I am currently a researcher at the Augmented Vision department at DFKI (German Research Center for Artificial Intelligence), specializing in computer vision and deep learning. My work centers on 3D scene understanding and neural rendering, with a growing interest in world models that enable machines to build structured, semantic, and interactive representations of complex environments.
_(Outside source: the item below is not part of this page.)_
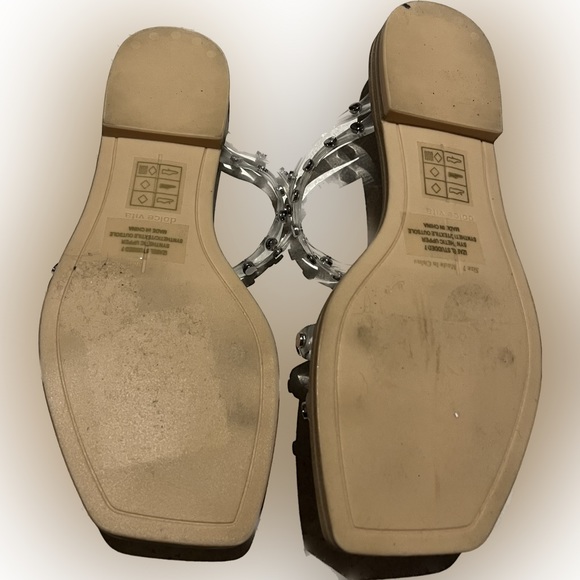 Dolce Vita Crystal Vinyl Sandal 🩴 Size 7 - Picture 2 of 3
I hold a Master’s degree in Computer Science from RPTU Kaiserslautern, where I graduated with distinction and my thesis focused on Open-Vocabulary 3D Scene Understanding with Gaussian Splatting. Prior to that, I completed my Bachelor’s in Computer Science and Engineering at the German University in Cairo, graduating ranked among the top students in my cohort.

Publications

ReLaGS teaser

ReLaGS: Relational Language Gaussian Splatting

CVPR 2026 Yaxu Xie*, Abdalla Arafa*, Alireza Javanmardi, Christen Millerdurai, Jia Cheng Hu, Shaoxiang Wang, Alain Pagani, Didier Stricker

[Paper]   [Code]

We present a novel framework that constructs a hierarchical language-distilled Gaussian scene and its 3D semantic scene graph without scene-specific training, enabling efficient and scalable open-vocabulary 3D reasoning by jointly modeling hierarchical semantics and inter/intra-object relationships.

GHOST teaser

GHOST: Fast Category-agnostic Hand-Object Interaction Reconstruction from RGB Videos using Gaussian Splatting

CVPR Findings 2026 Ahmed Tawfik Aboukhadra, Marcel Rogge, Nadia Robertini Abdalla Arafa, Jameel Malik, Ahmed Elhayek, Didier Stricker

[Paper]   [Code]

GHOST is a fast, category-agnostic framework for reconstructing hand-object interactions from monocular RGB videos using 2D Gaussian Splatting. It represents hands and objects as dense Gaussian discs and uses geometric priors, grasp-aware alignment, and hand-aware background loss to produce physically consistent, complete, and animatable 3D reconstructions.

SynthSL teaser

SynthSL: Expressive Humans for Sign Language Image Synthesis

IEEE FG 2024 Jilliam M. Díaz Barros*, Chen-Yu Wang*, Jameel Malik, Abdalla Arafa, Didier Stricker

[Paper]   [Code]

We introduce SynthSL, a large-scale synthetic dataset for sign language production, recognition and translation, along with a rendering pipeline based on the SMPL-X body model. We additionally propose a new Swin Transformer-based generator for sign image synthesis conditioned on body pose and appearance.